Visions of the Mutant Rain Forest: By Robert
Frazier and Bruce Boston: Crystal Lake Publishing, 2017, 245 pages.
In
an undefined future, the rain forest has taken on a grotesquely beautiful life.
It and everything in it mutates wildly, incessantly. The only laws governing
the changes appear to be chaos and rage. Some humans survive at the jungle’s ever
hungry and expanding frontier; their existence is precarious. The people who
live within the forest itself are no longer human. Perhaps they are more, perhaps less. The cities
fight back with flame and chemical warfare. The forest attacks with spores and
vines and strange beasts. In the end, everything succumbs.
In
this thick and meaty work, the reader will find poems, flash fiction, and even
a few longer stories. Many of these have appeared in other publications but
there are also a number of new pieces. Boston and Frazier appear to have been
writing of the mutant rain forest for quite a few years, and I’m glad to see
this material collected together in one place by Crystal Lake Publishing. It
certainly heightens and reinforces the impact of the individual pieces.
I’m
very familiar with Bruce Boston’s work, less so with that of Robert Frazier.
However, I thought the vision of these two writers meshed wonderfully
throughout the collection. As I started
reading, I was paying attention to which particular author did what. I soon stopped
concerning myself with that as I got further immersed in the world. It didn’t
matter any longer.
The
greatest strengths here are word play, imagery, and resonance. Maybe word ‘play’

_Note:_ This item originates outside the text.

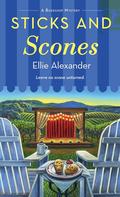 Sticks and Scones (Bakeshop Mystery #19) by Ellie Alexander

isn’t quite the right term, for the language is serious. Word “work” might be
better. Others have remarked on the imagery as apocalyptic and hallucinatory. I
concur. But there’s a bit more. The imagery is itself insidious—not in a
negative sense but in the sense of entrapping and beguiling. It’s almost as if
the spores of the mutant rain forest wash over you with every page you turn.
You wonder if they might take root on your skin. What might be born from such a
symbiosis? And there you have the resonance.